• **BRIEF**: Among the entries that follow, locate the line with "Brass Rhinestone Cup" and the line with "Miniatura 9 de". Output those lines and all lines in between, exactly, minus the pictures.

• **RECORDED INFORMATION**:
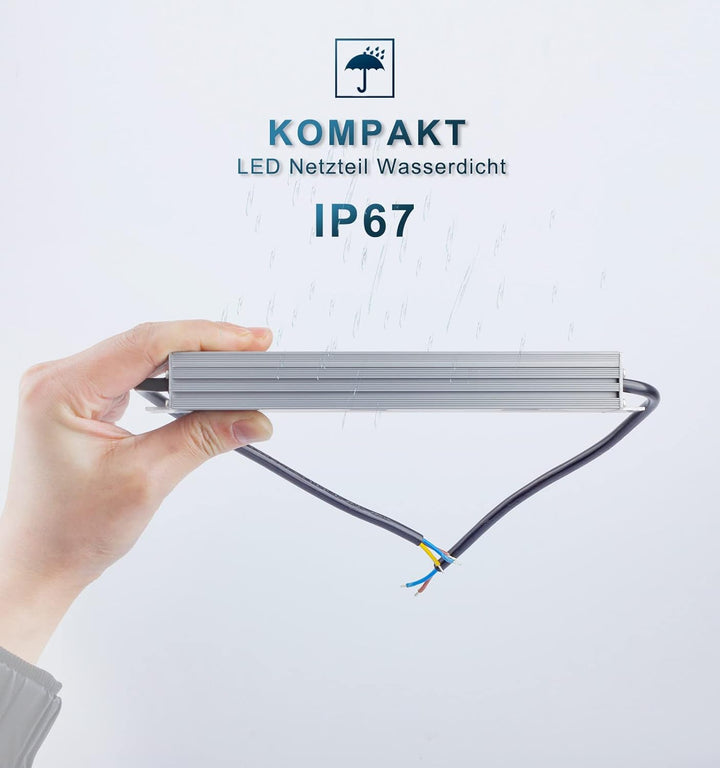 DUSKTEC LED Trafo 12V 300W Transformator IP67, Wasserdicht LED Netzteil Treiber AC 230V auf DC 12 Vo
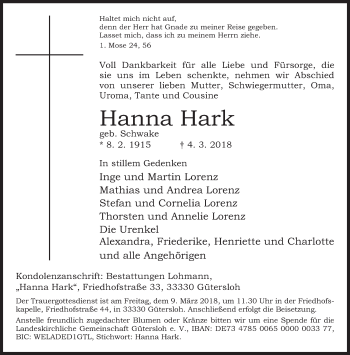 Traueranzeige von Hanna Hark von Neue Westfälische
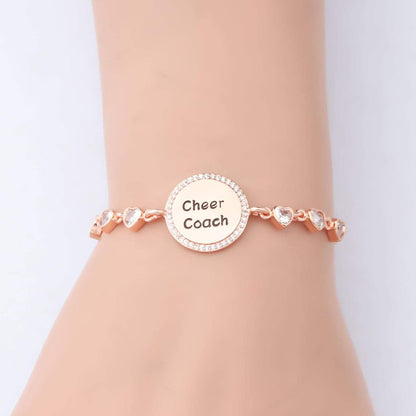 BEKECH Cheerleading Coach Gift Slide Bracelet - Appreciation Gift for Cheer Team Coaches - Cheerleader Jewelry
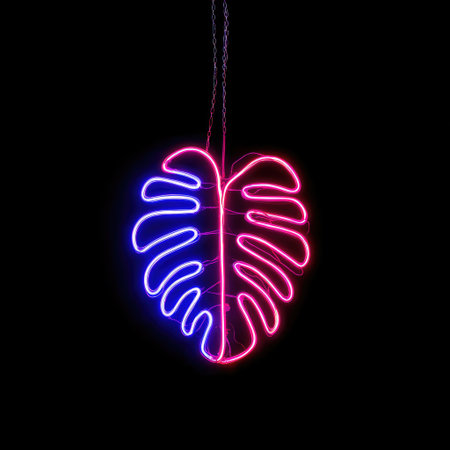 Glowing neon leaf pendant, halved in blue and pink, suspended against blackの素材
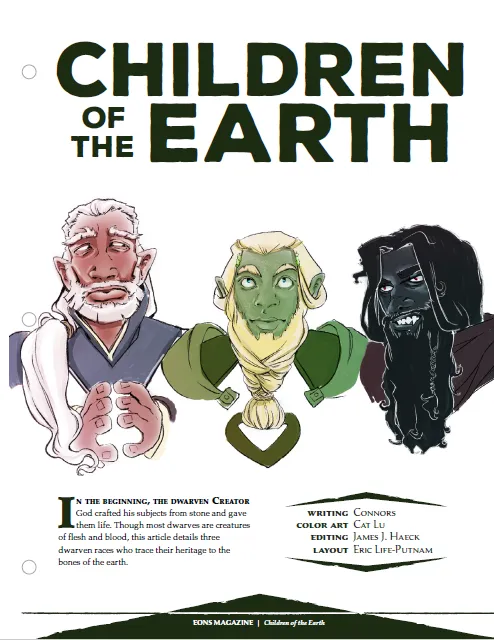 EN Publishing Children of the Earth rollspel PDF dvärgar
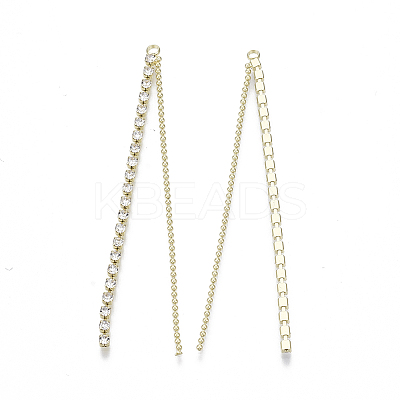 Brass Rhinestone Cup Chain Big Pendants X-KK-R129-06G-1
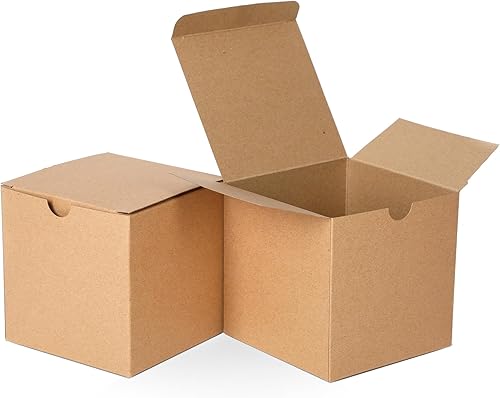 Miniatura 9 de SHIPKEY 10 cajas de regalo doradas con tapas, cajas de regalo de 4 x 4 x 4 pulgadas, cajas cuadradas para cumpleaños, día de Pascua, baby shower y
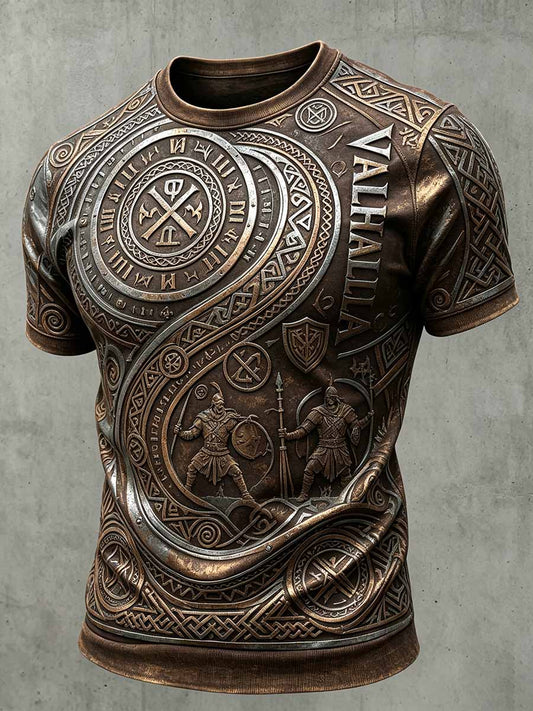 Herren-Lässiges T-Shirt im Vintage-Viking-Print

• **THE ANSWER**:
 Brass Rhinestone Cup Chain Big Pendants X-KK-R129-06G-1
 Miniatura 9 de SHIPKEY 10 cajas de regalo doradas con tapas, cajas de regalo de 4 x 4 x 4 pulgadas, cajas cuadradas para cumpleaños, día de Pascua, baby shower y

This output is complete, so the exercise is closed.